We are facing an error when we have a column which have datatype as string and the value like col1 col2 1 .89
So, when we are using
def azureml_main(dataframe1 = None, dataframe2 = None):
# Execution logic goes here
print('Input pandas.DataFrame #1:')
import pandas as pd
import numpy as np
from sklearn.kernel_approximation import RBFSampler
x =dataframe1.iloc[:,2:1080]
print x
df1 = dataframe1[['colname']]
change = np.array(df1)
b = change.ravel()
print b
rbf_feature = RBFSampler(gamma=1, n_components=100,random_state=1)
print rbf_feature
print "test"
X_features = rbf_feature.fit_transform(x)

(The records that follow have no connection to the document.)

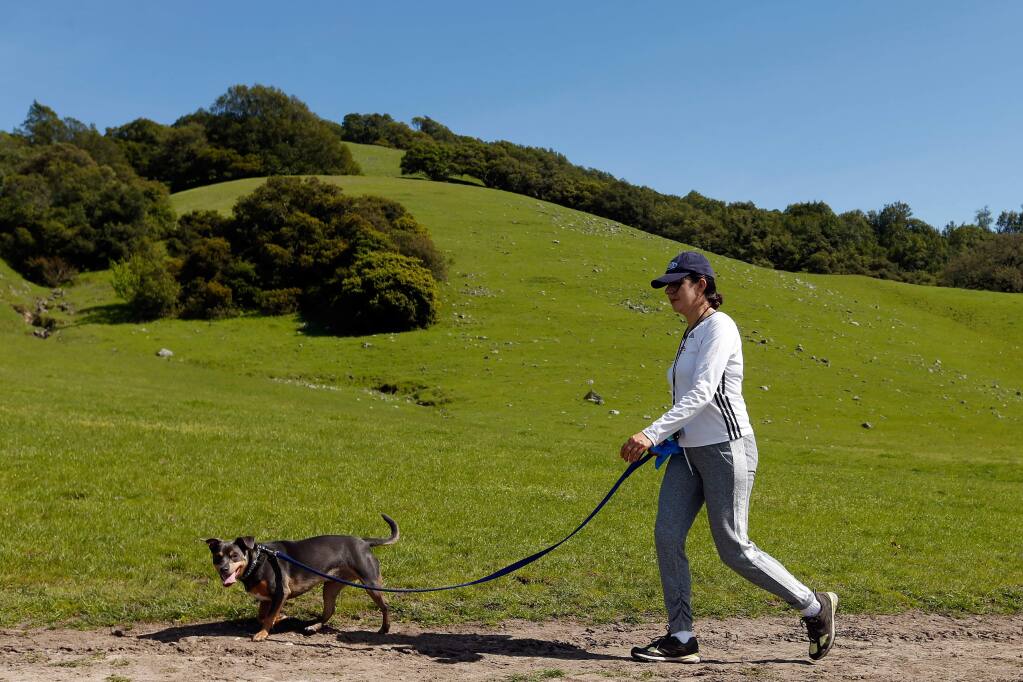 Maria Anguiano of Santa Rosa walks her dog Azul at Taylor Mountain Regional Park and Open Space Preserve in Santa Rosa, California on Wednesday, March 23, 2016. (Alvin Jornada / The Press Democrat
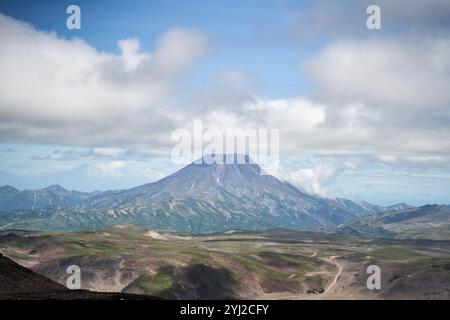 Volcan Vilyuchinsky, région du Kamtchatka. Un volcan majestueux entouré d'une végétation luxuriante, d'une nature vibrante et d'un ciel bleu clair au-dessus Banque D'Images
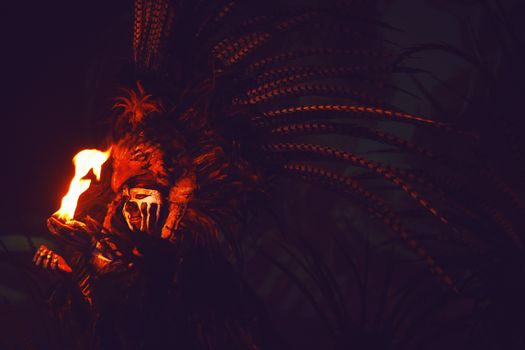 A person in a feathered headdress holding fire in the dark, evoking mystery and intrigue.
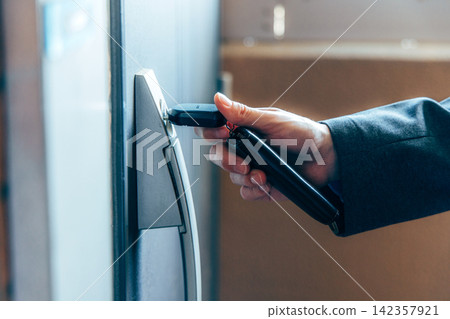 A man unlocks the door at the front door. A man unlocks the door at the front door. 142357921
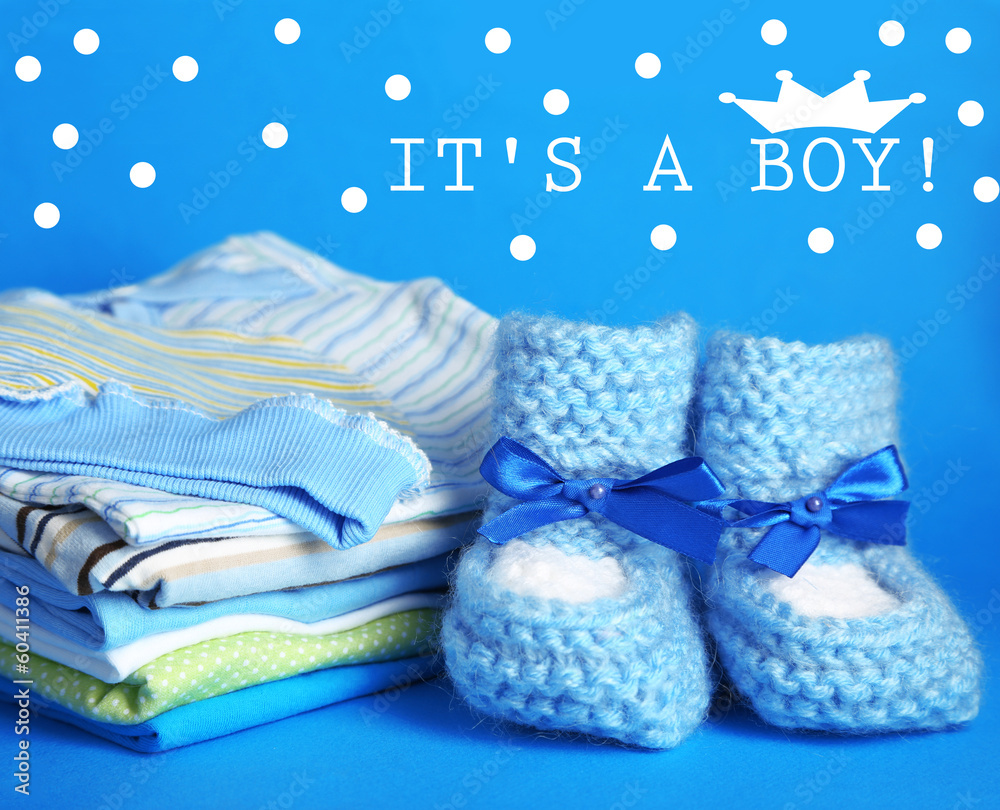Pile of baby clothes on blue background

After this we are getting error as cannt convert non int into type float
Use astype(float)
e.g.:
df['col'] = df['col'].astype(float)
or convert_objects
:
df = df.convert_objects(convert_numeric=True)
Example:
In [379]:
df = pd.DataFrame({'a':['1.23', '0.123']})
df.info()
<class 'pandas.core.frame.DataFrame'>
Int64Index: 2 entries, 0 to 1
Data columns (total 1 columns):
a 2 non-null object
dtypes: object(1)
memory usage: 32.0+ bytes
In [380]:
df['a'].astype(float)
Out[380]:
0 1.230
1 0.123
Name: a, dtype: float64
In [382]:
df = df.convert_objects(convert_numeric=True)
df.info()
<class 'pandas.core.frame.DataFrame'>
Int64Index: 2 entries, 0 to 1
Data columns (total 1 columns):
a 2 non-null float64
dtypes: float64(1)
memory usage: 32.0 bytes
UPDATE
If you're running version 0.17.0
or later then convert_objects
has been replaced with the methods: to_numeric
, to_datetime
, and to_timestamp
so instead of:
df['col'] = df['col'].astype(float)
you can do:
df['col'] = pd.to_numeric(df['col'])
note that by default any non convertible values will raise an error, if you want these to be forced to NaN
then do:
df['col'] = pd.to_numeric(df['col'], errors='coerce')